After the board adjourned, Wahl thanked Ivey for her involvement in the process and praised the rule change as a step in the right direction.

Those fighting to remove the offending books from the children's section praised the board's decision, while those fighting to keep them were displeased.

Clean Up Alabama, a group formed out of the ongoing struggle in the Prattville library, applauded the decision in a statement.

"Clean Up Alabama strongly supports the actions of the APLS Board of Trustees in their decision to not only pass the Governor's suggested changes to the administrative code but also passing amendments that strengthen those changes so that children will be truly protected in Alabama public libraries," the statement read. "Praising God for this huge win, may he continue to bless the efforts of those willing to stand in the gap for the children of Alabama."

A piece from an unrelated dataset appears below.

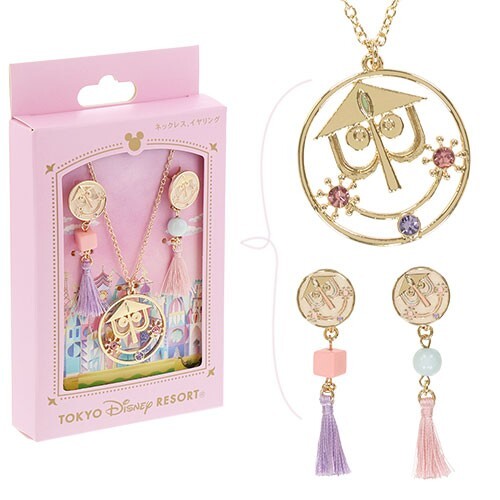 Japan Tokyo Disney Resort Necklace & Earrings It's a Small World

Likewise, Read Freely Alabama, the group that started in Prattville to keep the contested books in the library, slammed the decision.

"The policies approved today by the state Library Service are a sequel that no one asked for. They are virtually identical to the harmful censorship policies that Prattville's extremist-stacked library board imposed earlier this year on families who rely on the community's public libraries. The freedom to read is fundamental to democracy, and extremist efforts to impose discriminatory beliefs on library patrons are dangerous. We filed our lawsuit last week because it is crucial that the courts make clear that in our democracy, the government cannot discriminate or restrict the freedom to read, and we will continue to fight these harmful censorship policies in Alabama."